A study on the Covid-19 pandemic has revealed that the Delta variant infected previously exposed people in Delhi during the second coronavirus wave this year. The study, published in the journal Science, highlighted the challenges of reaching herd immunity against the Covid delta variant.
Further, the study also found that the Delta variant was between 30-70% more transmissible than previous SARS-CoV-2 lineages in the national capital.
Since the beginning of the Covid-19, Delhi has experienced multiple outbreaks in June and September, and November 2020.
The Covid situation became worse in April this year when daily cases increased from approximately 2,000 to 20,000 between March 31 and April 16.
This was accompanied by a rapid rise in hospitalisations and ICU admissions, severely stressing the healthcare system, with daily deaths spiking to levels three-fold higher than previous waves.

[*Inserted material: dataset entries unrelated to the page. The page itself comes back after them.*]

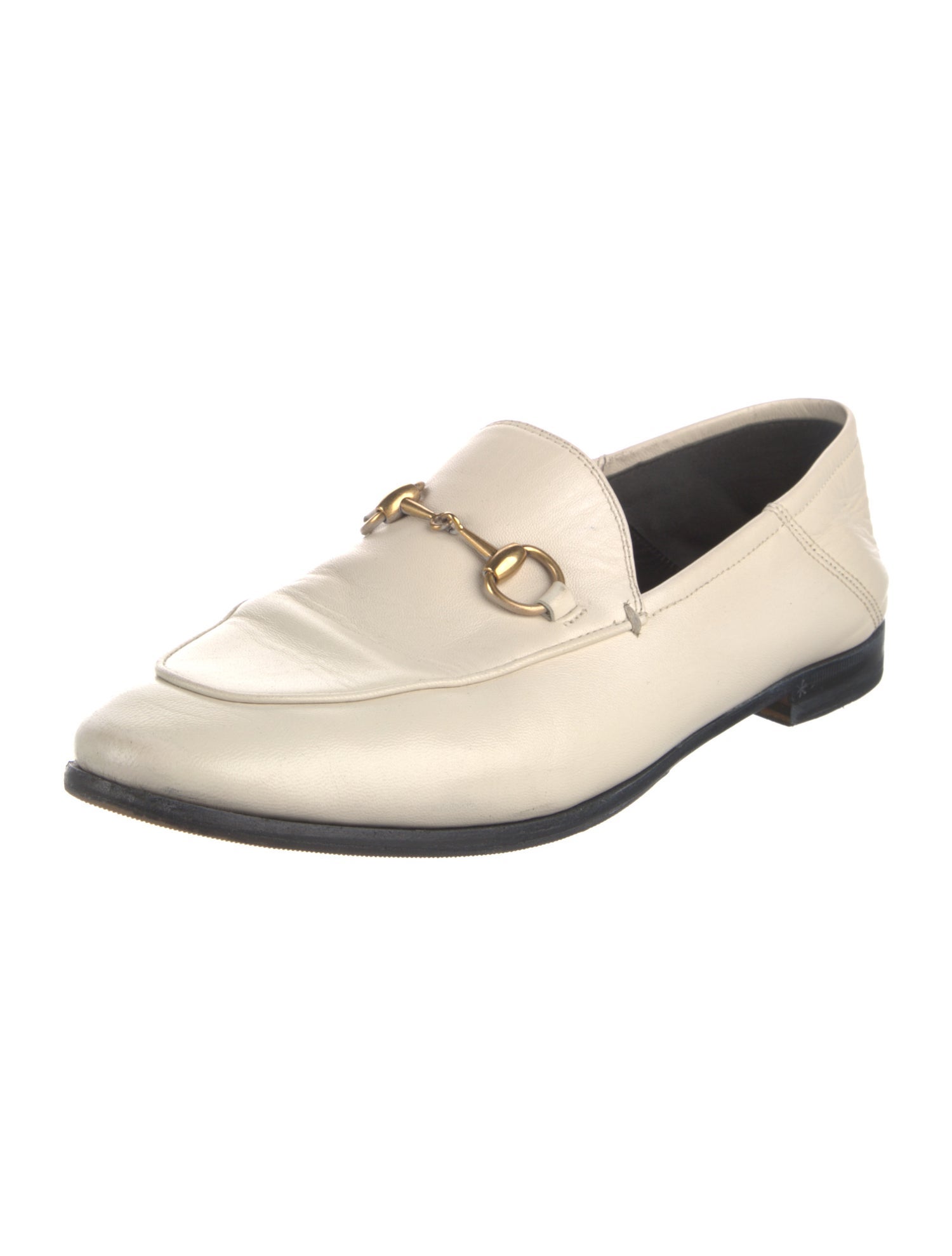 Gucci Horsebit Accent Leather Loafers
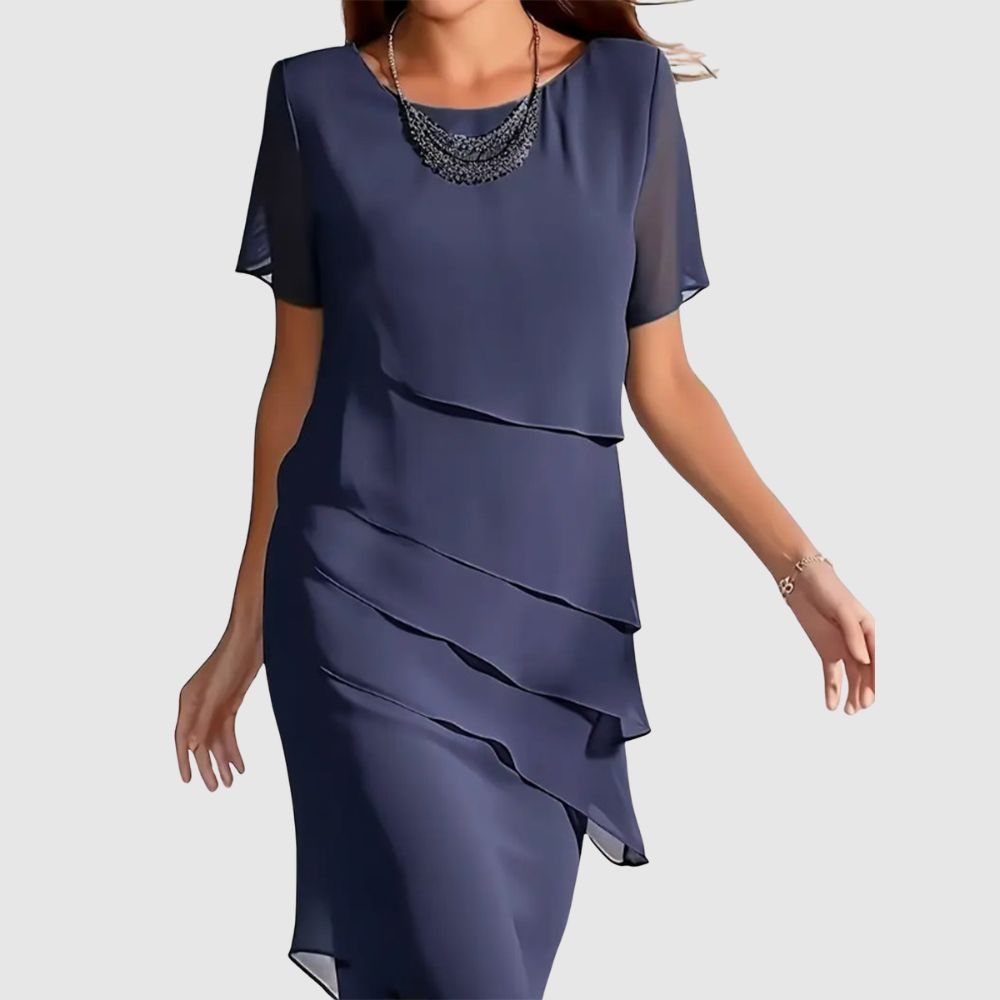 Zoé - Robe midi élégante à couches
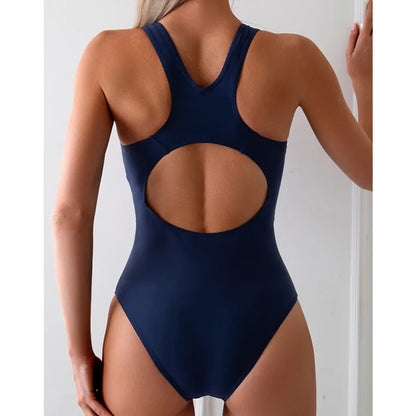 One-Piece Swimsuits Closed Women's Swimwear Sports For Swimming Wear Body Bathing Suits Beachwear Pool Bather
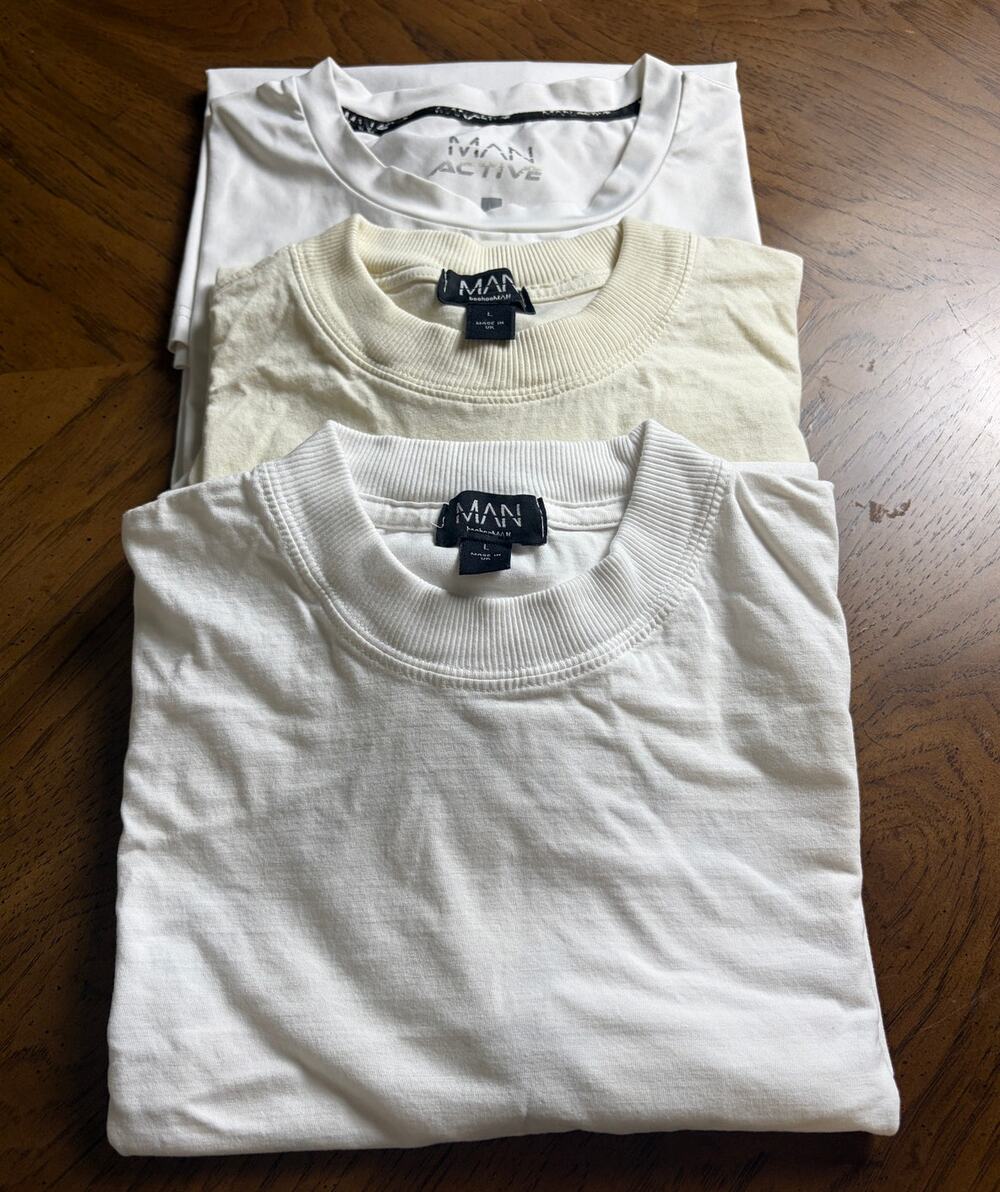 boohooMAN Gym T-Shirt Lot Men L Graphic Athletic Tee Bundle Bodybuilding Cross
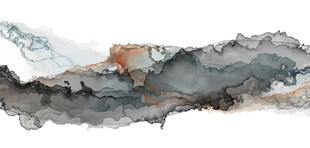 水墨风格抽象山水背景图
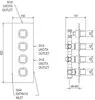 Смеситель La Torre Profili 45950 MULTI 3 CR icon 2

“The concept of herd immunity is critical in ending outbreaks, but the situation in Delhi shows that infection with previous coronavirus variants will be insufficient for reaching herd immunity against Delta,” study co-author Professor Ravi Gupta from the University of Cambridge said.
According to Gupta, vaccine boosters can prevent the Covid crisis in Delhi. “The only way of ending or preventing outbreaks of Delta is either by infection with this variant or by using vaccine boosters that raise antibody levels high enough to overcome Delta’s ability to evade neutralisation,” Gupta added.
Further, the study talked about the presence of other Covid variants in Delhi during March and May. The researchers said that the Alpha variant increased in Delhi to about 40% of cases in March this year before it was displaced by a rapid increase in the Delta variant in April.
Applying mathematical modelling to the epidemiological and genomic data, the researchers found that the Delta variant was able to infect people who had previously been infected by SARS-CoV-2.
To look for actual evidence of reinfection to support their modelling work, the researchers examined a group of people recruited by CSIR.
In February, 42.1 per cent of unvaccinated subjects participating in the study had tested positive for antibodies against SARS-CoV-2.
In June, the corresponding number was 88.5 per cent, suggesting very high infection rates during the second wave of the outbreak in the country.
Among 91 subjects with prior infection before Delta, about one-quarter (27.5 per cent) showed increased levels of antibodies, providing evidence of reinfection.
When the team sequenced all the samples of vaccination-breakthrough cases at a single centre throughout the study, they found that among 24 reported cases, Delta was seven-fold more likely to lead to vaccination breakthrough infections than non-Delta lineages.